17. The Battle of Anghiari was reputedly a masterpiece of Renaissance art until its destruction during renovations
Commissioned in 1504 by Piero Soderini to decorate the Hall of Five Hundred, in the only occasion the legendary pair ever worked together Michelangelo was hired to paint one wall and Leonardo da Vinci the opposite. Whilst Michelangelo elected not to complete his masterpiece depicting an episode from the Battle of Cascina, being invited to Rome to construct the Pope’s tomb a year later, da Vinci inadvertently spoiled his own creation. Designing an ingenious scaffold capable of being raised or folded, da Vinci embarked on an immense dedication of the Battle of Anghiari which would have been his largest work.

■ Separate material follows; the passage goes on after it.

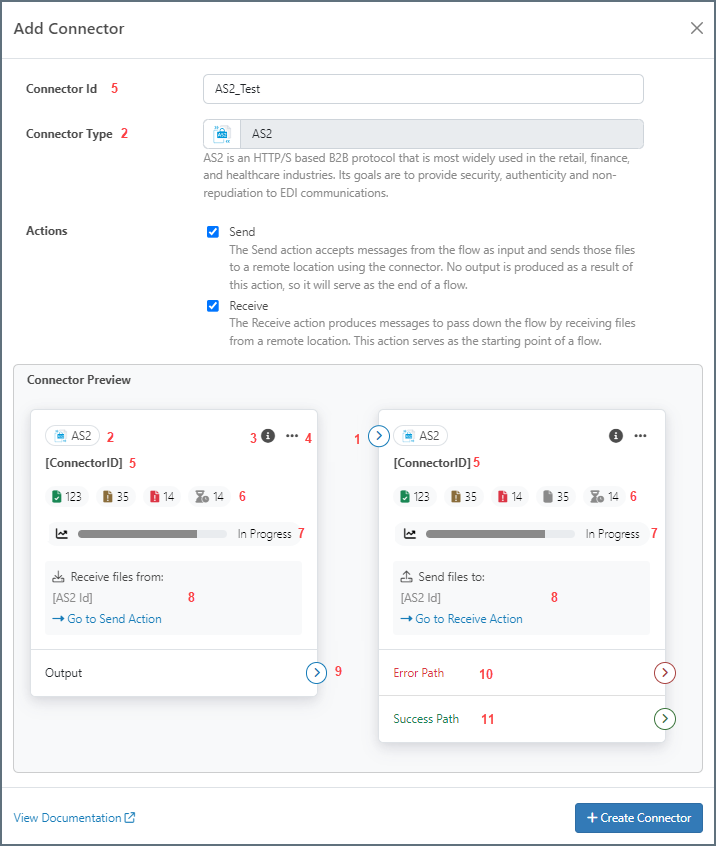 Annotated Add Connector pane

Experimenting with a thick undercoat following his poor experiences with oil colors during The Last Supper, da Vinci discovered that subsequently applied paint dripped before drying. Despite his best efforts, da Vinci could only save the lower part of his masterpiece and abandoned the project in a fit of auteur rage. Despite being incomplete, the mural became one of da Vinci’s most acclaimed paintings, celebrated for decades as a passionate work of genius. Sadly, however, during renovations of the room in the mid-to-late sixteenth century, both unfinished works were destroyed, with only copies of da Vinci’s masterpiece remaining to offer a glimpse into his flawed creation.